All of lore.kernel.org
 help / color / mirror / Atom feed
From: Tudor Cornea <tudor.cornea@gmail.com>
To: Ferruh Yigit <ferruh.yigit@intel.com>
Cc: linville@tuxdriver.com, Thomas Monjalon <thomas@monjalon.net>,
	 Mihai Pogonaru <pogonarumihai@gmail.com>,
	dev@dpdk.org
Subject: Re: [dpdk-dev] [PATCH v2] net/af_packet: fix ignoring full ring on tx
Date: Tue, 5 Oct 2021 18:11:08 +0300	[thread overview]
Message-ID: <CAOuQ8vWHLgt=8aNxoSd4XvWeYQqMuJ1Wt4iKpeVmY8tqwVp-_w@mail.gmail.com> (raw)
In-Reply-To: <CAOuQ8vW2t_HJPc-M89+FwP0Ed9kpUR82X7FPm1KjdVuTO-kpSQ@mail.gmail.com>

Hi Ferruh,

I have attempted to narrow down the issue.
I have the following bash script, which computes packet rates on an
interface.

[root@localhost ~]# cat compute-rates.sh
#!/usr/bin/env bash

if [[ ${#} -ne 2 ]]; then
    echo "Usage: ${0} <iface-name> <sleep-interval-seconds>"
    exit 1
fi

IFACE_NAME="${1}"
SLEEP_INTERVAL_SECONDS="${2}"
TMP_STATS_FILE="/tmp/netstat"

# Clear Previous stats file
echo "0 0 0 0" > "${TMP_STATS_FILE}"

echo "Press CTRL+C to exit..."

while true; do
    export "RxB=0" "RxP=0" "TxB=0" "TxP=0"

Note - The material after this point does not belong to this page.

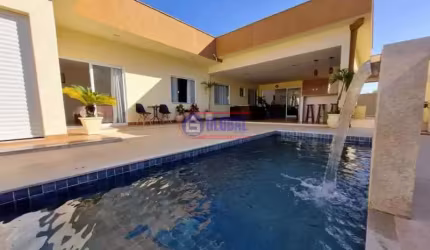 Casa em condomínio fechado com 4 quartos à venda na Rodovia Ernani do Amaral Peixoto, Flamengo, Maricá, 191 m2 por R$ 1.290.000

    # Extract Rx{Bytes,Packets} and Tx{Bytes,Packets} and
    # format the output. Individual fields will be exported
    export $(\
        ifconfig "${IFACE_NAME}" \
            | grep 'packets' \
            | awk '{print $5, $3}' \
            | xargs echo \
            | sed -E -e \
                "s/([0-9]+) ([0-9]+) ([0-9]+) ([0-9]+)/RxB=\1 RxP=\2
TxB=\3 TxP=\4/")

    # Print Packet and Byte Rates
    # Format: | Rx Bytes | Rx Packets | Tx Bytes | Tx Packets |

    echo "${RxB}" "${RxP}" "${TxB}" "${TxP}" $(cat "${TMP_STATS_FILE}") \
        | awk '{print "RxB="$1-$5, "RxP="$2-$6, "TxB="$3-$7, "TxP="$4-$8}'

    # Save the new values
    echo "${RxB}" "${RxP}" "${TxB}" "${TxP}" > "${TMP_STATS_FILE}"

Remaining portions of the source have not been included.